• [THE TASK]: Each line below should be reproduced without any alteration.

• [RECORD EXCERPTS]:
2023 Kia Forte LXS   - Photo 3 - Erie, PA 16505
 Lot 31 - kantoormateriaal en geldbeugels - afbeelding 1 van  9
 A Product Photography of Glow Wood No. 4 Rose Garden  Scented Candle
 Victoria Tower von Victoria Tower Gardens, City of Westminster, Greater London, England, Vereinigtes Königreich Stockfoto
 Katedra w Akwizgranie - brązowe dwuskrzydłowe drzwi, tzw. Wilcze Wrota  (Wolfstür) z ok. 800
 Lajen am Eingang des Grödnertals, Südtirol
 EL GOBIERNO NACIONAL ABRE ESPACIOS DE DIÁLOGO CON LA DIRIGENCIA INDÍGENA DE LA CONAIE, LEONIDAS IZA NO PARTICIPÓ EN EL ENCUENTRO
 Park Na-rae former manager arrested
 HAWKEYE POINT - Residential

• [PROBLEM SOLUTION]:
2023 Kia Forte LXS   - Photo 3 - Erie, PA 16505
 Lot 31 - kantoormateriaal en geldbeugels - afbeelding 1 van  9
 A Product Photography of Glow Wood No. 4 Rose Garden  Scented Candle
 Victoria Tower von Victoria Tower Gardens, City of Westminster, Greater London, England, Vereinigtes Königreich Stockfoto
 Katedra w Akwizgranie - brązowe dwuskrzydłowe drzwi, tzw. Wilcze Wrota  (Wolfstür) z ok. 800
 Lajen am Eingang des Grödnertals, Südtirol
 EL GOBIERNO NACIONAL ABRE ESPACIOS DE DIÁLOGO CON LA DIRIGENCIA INDÍGENA DE LA CONAIE, LEONIDAS IZA NO PARTICIPÓ EN EL ENCUENTRO
 Park Na-rae former manager arrested
 HAWKEYE POINT - Residential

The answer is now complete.